Singapore stocks head for biggest drop in two years on China
[SINGAPORE] Singapore stocks tumbled, with the benchmark Straits Times Index heading for its biggest decline since June 2013 amid concerns China's currency devaluation will hurt bank earnings and slow economic growth.
The Straits Times Index sank 2.5 per cent to 3,075.27 as of 10:37 am in Singapore, the most in the Asia-Pacific region. DBS Group Holdings Ltd, Oversea-Chinese Banking Corp and United Overseas Bank Ltd, the nation's three key lenders, slumped at least 2.9 per cent, among the eight biggest decliners on the benchmark measure.
Singapore banks have been making inroads into China and the People's Bank of China's move to devalue its currency will hurt their earnings, according to Daiwa Securities Group Inc. The yuan was headed for its biggest two-day drop in 21 years after the PBOC's reference rate was cut to the weakest level since 2012.
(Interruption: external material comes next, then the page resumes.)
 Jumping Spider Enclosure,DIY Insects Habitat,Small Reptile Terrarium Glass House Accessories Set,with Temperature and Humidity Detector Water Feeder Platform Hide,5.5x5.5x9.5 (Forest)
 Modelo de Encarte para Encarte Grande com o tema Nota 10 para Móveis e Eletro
"Their exposure to China provides additional headwinds for the Singapore banks," David Lum, an analyst at Daiwa Securities in Singapore, said by phone. "Their base is still Singapore and Asean, which is also not doing well." The Straits Times Index has lost 8.6 per cent this year, the worst-performing stock gauge in the developed world after Greece.
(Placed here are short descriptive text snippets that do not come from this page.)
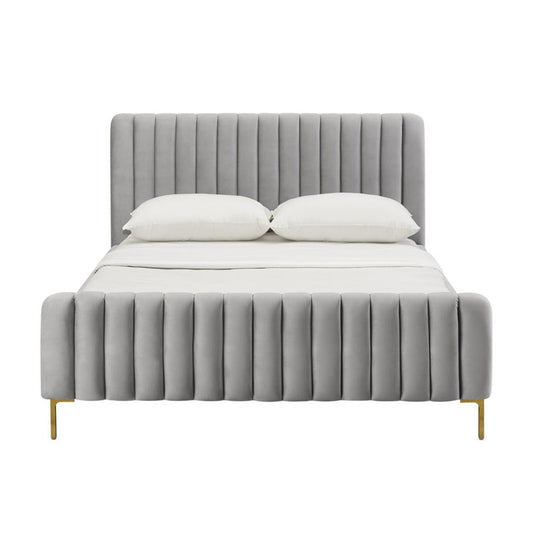 Angela Channel Tufted Velvet Bed in Grey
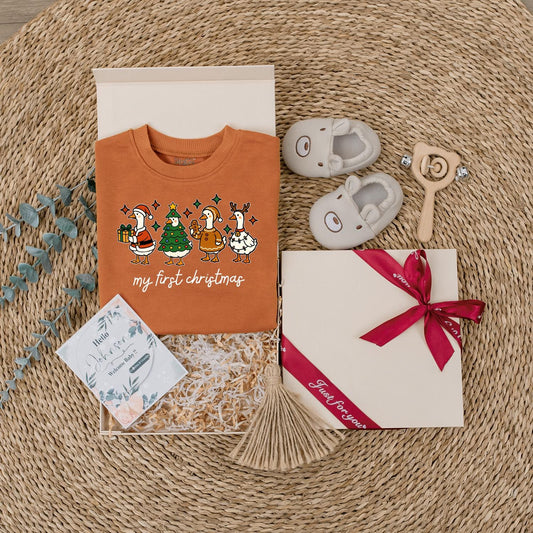 Baby's First Christmas Outfit: Santa Duck Romper & Reindeer Antler Sweatshirt, Personalized Infant Holiday Gift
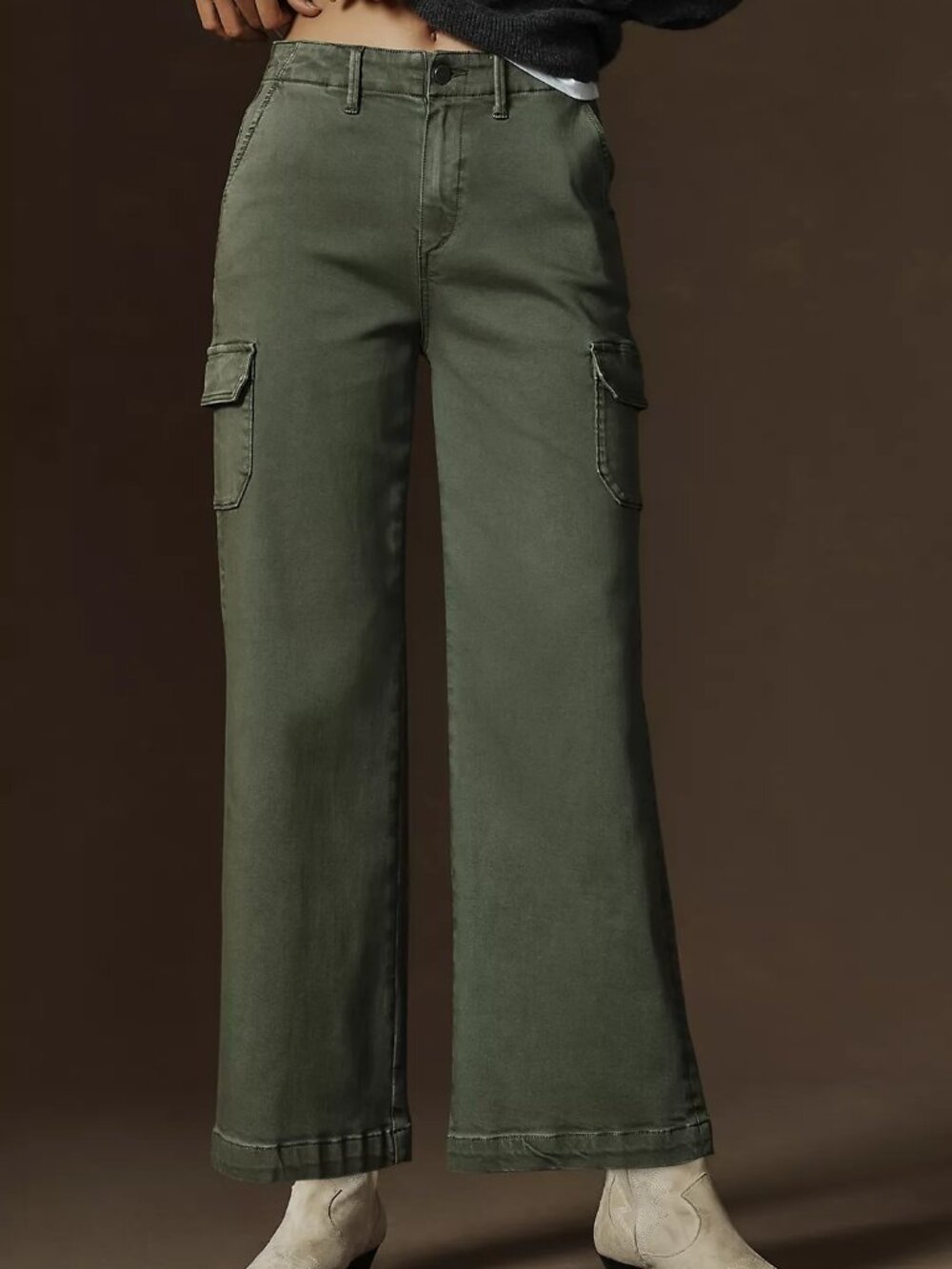 PAIGE Olive Green Wide-Leg Cargo Pants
The Greater China region made up 30 per cent of pretax profit at DBS in the first half, the most among the three Singapore lenders. The region accounted for about a fifth of OCBC's pretax profit and about 11 per cent of UOB's.
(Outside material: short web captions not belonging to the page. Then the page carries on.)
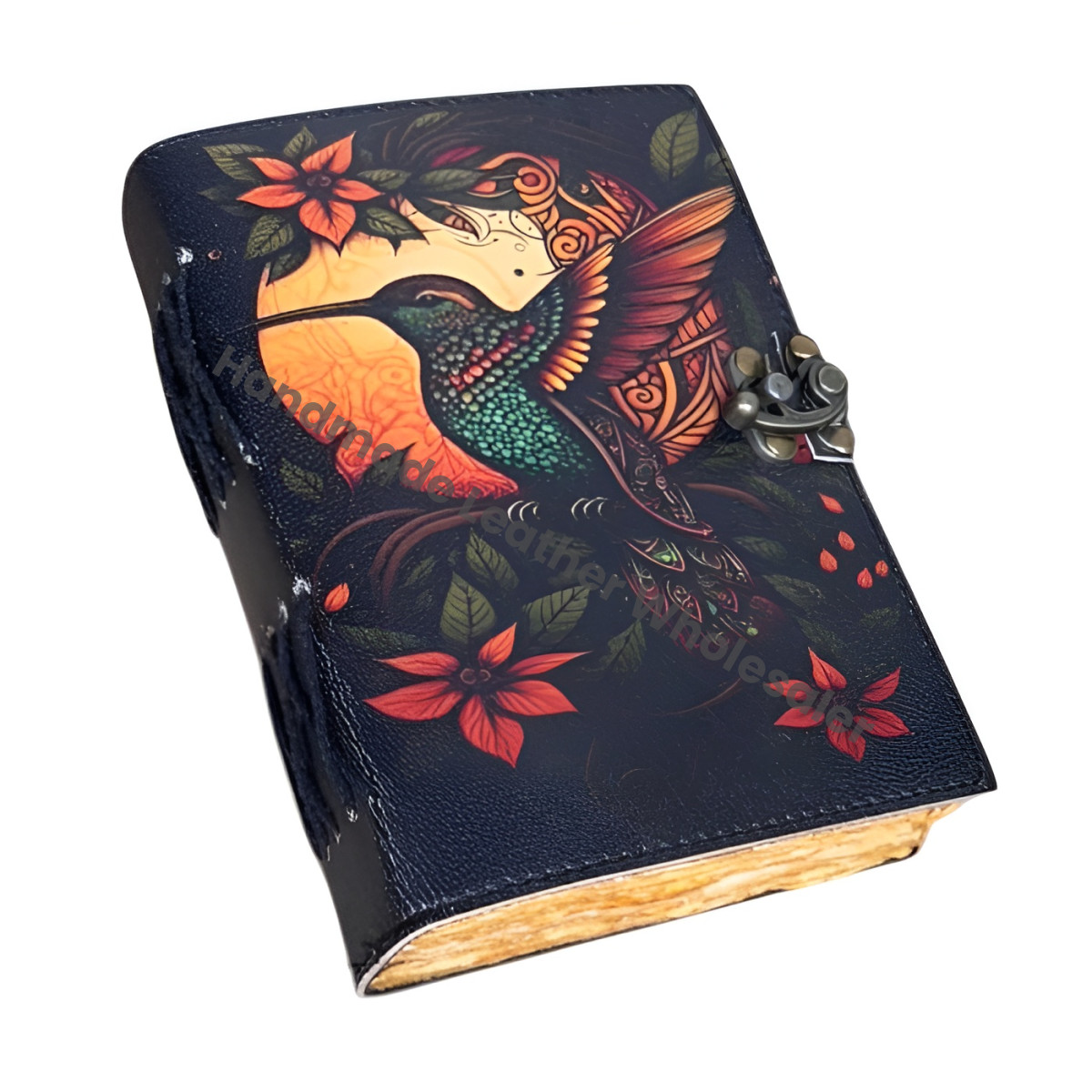 Kingfisher Bird Print Leather Journal: Blank Book of Shadows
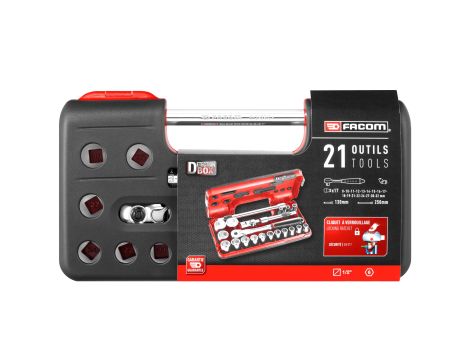 Facom - Zestaw nasadek Z grzechotki 1/2 Nasadki 6-Kątn - SL.DBOX500PB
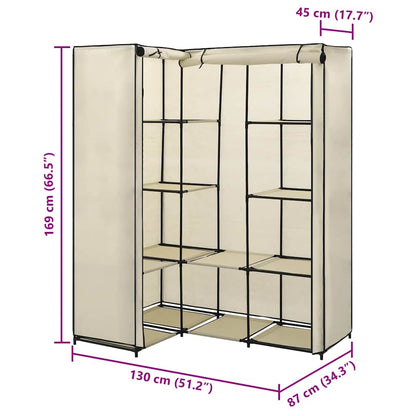Corner Wardrobe Cream 130x87x169 cm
"It's mainly a sentiment issue here from China," Hans Goetti, head of investment for Asia, at Banque Internationale a Luxembourg SA. The profitability of Singapore banks will probably be limited as "China has slowed down a a lot already," he said.
Singapore slashed the upper end of its growth forecast for 2015 on Tuesday after the economy shrank last quarter, signaling a softened outlook as China's slowing growth takes its toll on the city-state's export-dependent economy.
In neighbouring Malaysia, concerns are mounting as the currency trades at a 17-year low in an economy that's probably growing at the slowest pace in more than two years, according to a Bloomberg survey before a report Thursday.
CapitaLand Ltd, Singapore's biggest developer with almost half of its assets under management in China, dropped 3.1 per cent, while rival City Developments Ltd lost 2.3 per cent.